Sacubitril/Valsartan for Hypertension Without Heart Failure
Sacubitril/valsartan should not be routinely used for hypertension in patients without heart failure, as it lacks cardiovascular outcomes data in this population and is not endorsed by current hypertension guidelines for this indication.
Current Guideline Position
The 2024 ESC Guidelines for hypertension explicitly state that sacubitril/valsartan "awaits supportive evidence from cardiovascular outcomes trials prior to guideline endorsement and routine use in hypertension" 1. While the drug was initially developed for hypertension and demonstrates blood pressure-lowering properties, the guidelines emphasize their requirement for trial evidence showing cardiovascular disease outcomes benefit before recommending any agent for hypertension treatment 1.
FDA-Approved Indication
The FDA approved sacubitril/valsartan exclusively for heart failure with reduced ejection fraction (NYHA functional class II-IV), based entirely on the PARADIGM-HF trial data 2. There is no FDA approval for hypertension as a standalone indication in the United States 2.
Blood Pressure Lowering Evidence
While research demonstrates that sacubitril/valsartan effectively lowers blood pressure:
Meta-analysis data: The 200 mg dose reduced systolic BP by 4.62 mmHg and diastolic BP by 2.13 mmHg compared to ARBs; the 400 mg dose reduced systolic BP by 5.50 mmHg and diastolic BP by 2.51 mmHg versus ARBs 3.
Comparative studies: Sacubitril/valsartan showed superior BP reduction compared to losartan in hypertensive patients 4.
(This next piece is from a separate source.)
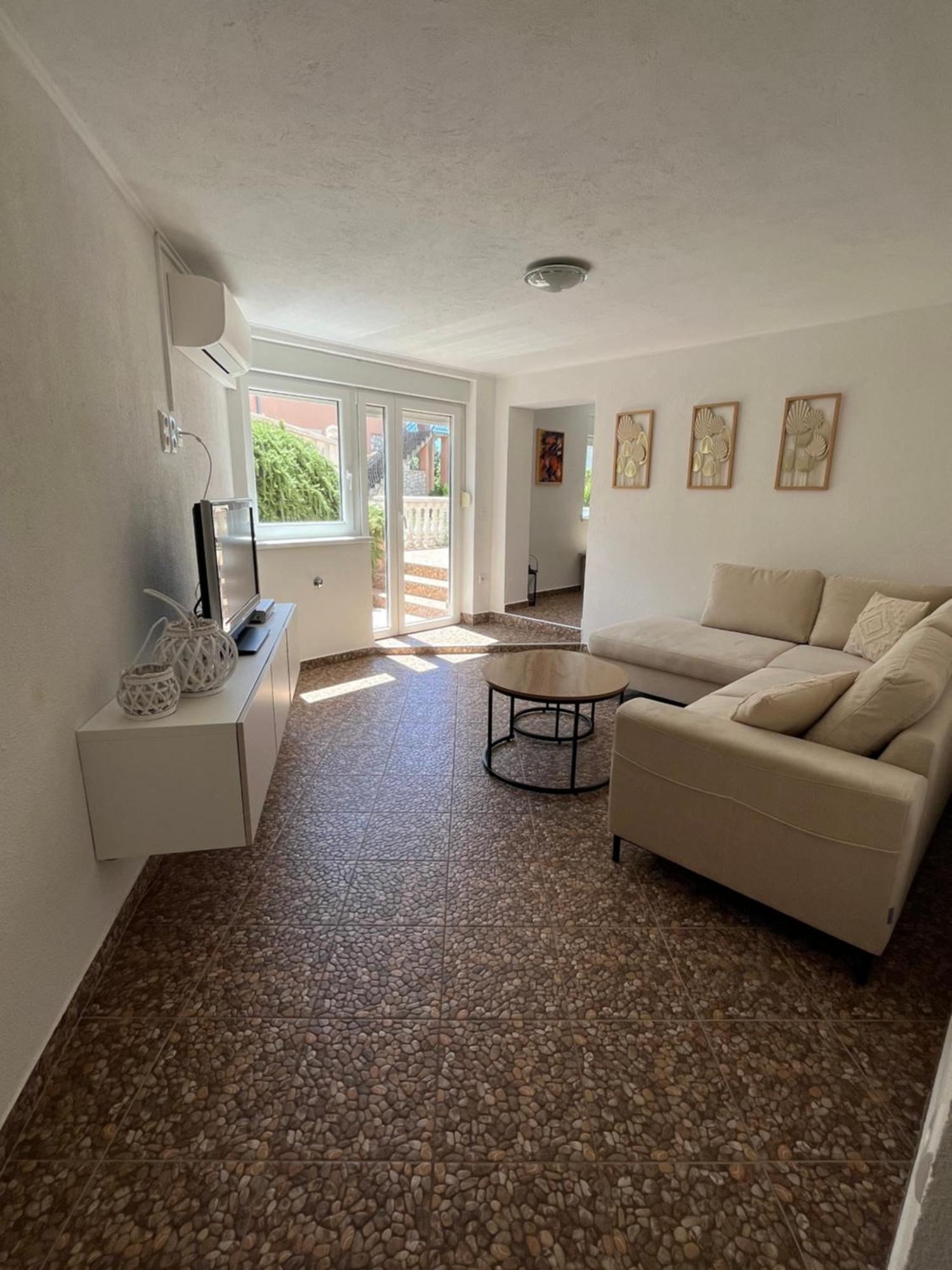 Apartments Adria Crikvenica Bagian luar foto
Mechanism: The drug may offer particular benefit for resistant hypertension, central aortic pressure, and nocturnal hypertension through its dual neprilysin inhibition and AT1 receptor blockade 5.
Critical Gap in Evidence
The fundamental problem is the absence of cardiovascular morbidity and mortality outcomes data in hypertensive patients without heart failure 1. The ESC guidelines note that in heart failure trials, BP lowering with sacubitril/valsartan "may have been mediated, in part, by superior BP lowering compared with enalapril," but this does not establish benefit in pure hypertension 1.
Safety Considerations in Hypertension-Only Patients
The safety profile established in heart failure trials may not directly translate:
- Hypotension risk: 18% incidence in PARADIGM-HF, higher than enalapril (12%) 6.
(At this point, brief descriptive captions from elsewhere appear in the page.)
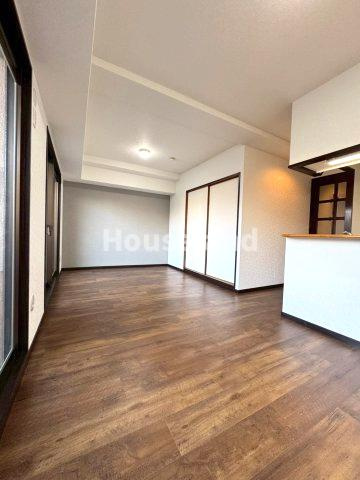 クローバーメゾン狐島の居間・リビング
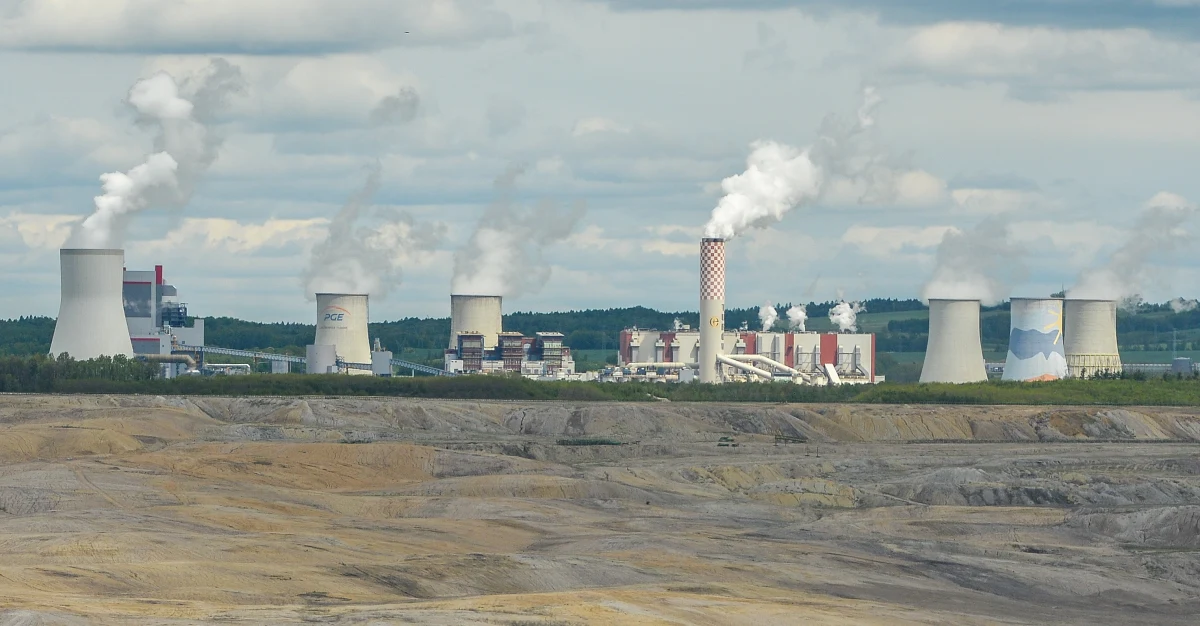 ​Komisja Europejska przyłączyła się do skargi Czech na Polskę w sprawie Turowa - przekazała naszej dziennikarce rzeczniczka Komisji Europejskiej. Do tej pory stroną sporu, który będzie rozpatrywać Trybunał Sprawiedliwości UE były jedynie Czechy. "Komisja złożyła dziś wniosek o przyłączenie się po stronie Czech przed Trybunałem Sprawiedliwości UE w sprawie C-121/21 Czechy przeciwko Polsce" - przekazała RMF FM rzeczniczka KE.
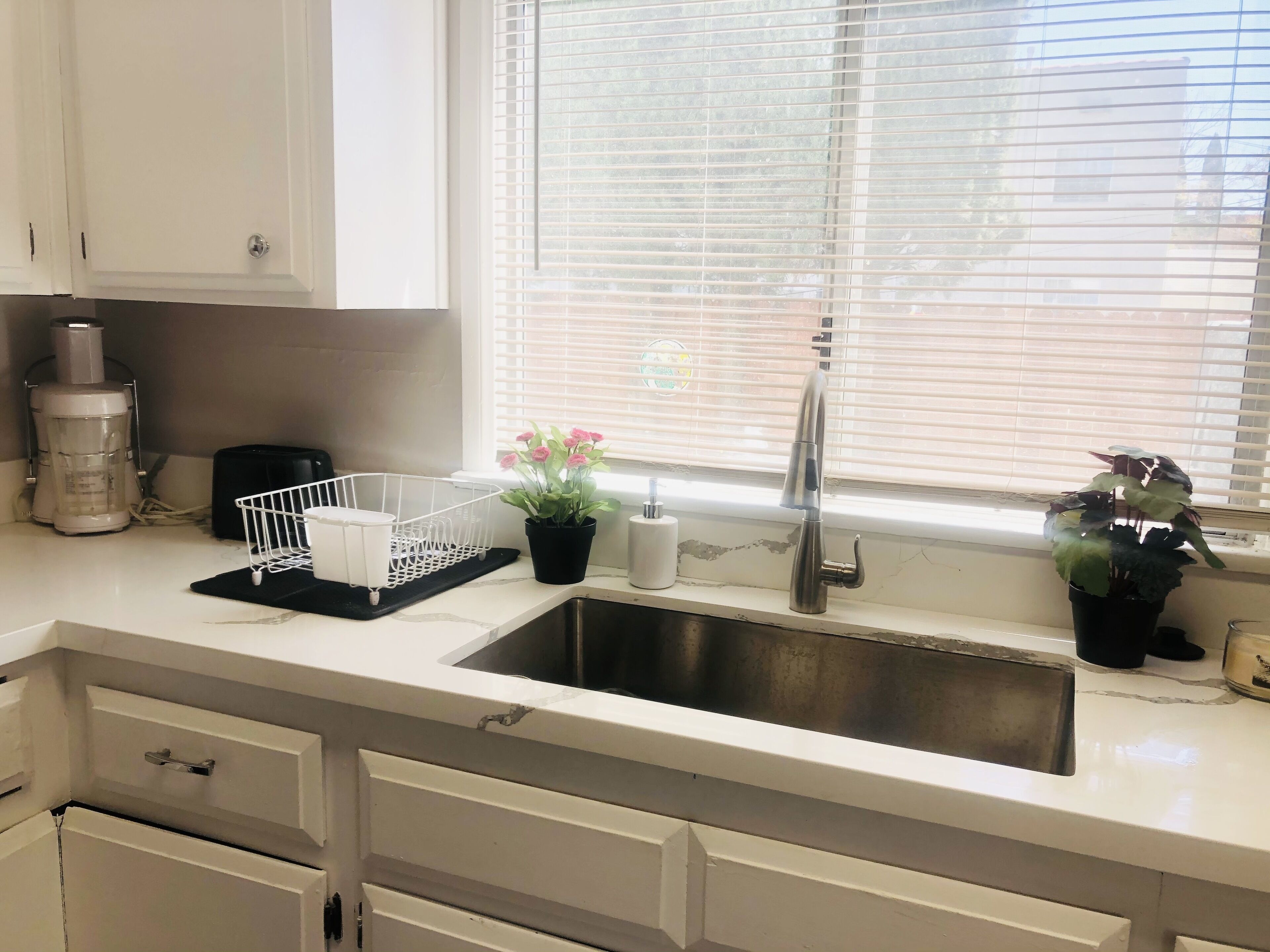 Location 4bedroom/1.5bHome BLOCK FROM SUNSET STRIHOLLYWOOD FREE PARKING/BACKYARD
- Angioedema: 0.5% overall incidence, but 2.4% in Black patients 6.
- Hyperkalemia: 12% incidence 6.
- Renal dysfunction: Requires monitoring, particularly in patients with renal artery stenosis 6.
These adverse effects were documented in heart failure patients who underwent run-in periods that excluded 10.5% during enalapril run-in and another 10.4% during sacubitril/valsartan run-in, meaning real-world rates would be higher 6.
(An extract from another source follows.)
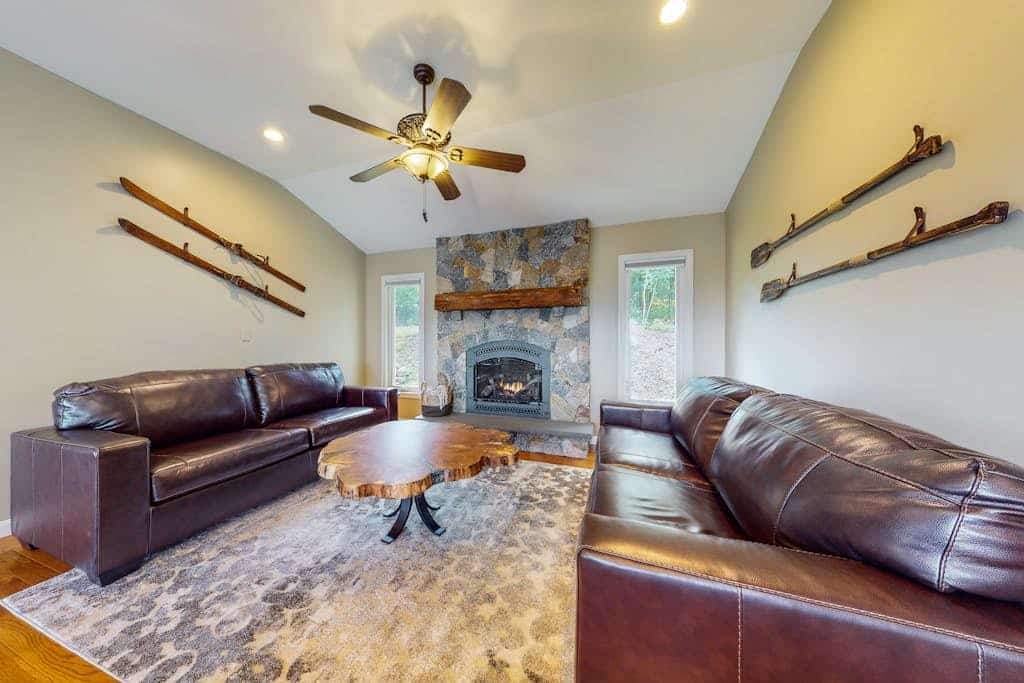 Single-story home overlooking Lake Winnipesaukee with firepit, fireplace & WiFi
When Sacubitril/Valsartan May Be Considered
The only scenario where use might be justified in hypertensive patients:
Concurrent heart failure: Patients with both hypertension and heart failure with reduced ejection fraction (EF ≤40%) should receive sacubitril/valsartan as guideline-directed heart failure therapy, which will simultaneously address their hypertension 2.
Heart failure with preserved EF and hypertension: Post-hoc analysis showed BP lowering in HFpEF patients with resistant hypertension, though this remains investigational 1.
Recommended Approach for Hypertension Without Heart Failure
Use established first-line antihypertensive agents with proven cardiovascular outcomes:
- ACE inhibitors or ARBs (including valsartan alone)
- Calcium channel blockers
- Thiazide or thiazide-like diuretics
- Combination therapy as needed 1
Reserve sacubitril/valsartan for its approved indication until outcome trials in hypertension demonstrate morbidity and mortality benefits 1.
Common Pitfalls to Avoid
Do not prescribe sacubitril/valsartan off-label for hypertension simply because it lowers BP effectively—BP reduction alone does not equal improved cardiovascular outcomes 1.
Do not assume heart failure trial safety data applies to patients without heart failure, as these populations differ substantially 2.
**Do not use in patients with systolic BP <100 mmHg**, severe renal impairment (eGFR ≤30 mL/min/1.73 m²), or potassium >5.2 mmol/L, as these were exclusion criteria in trials 2, 6.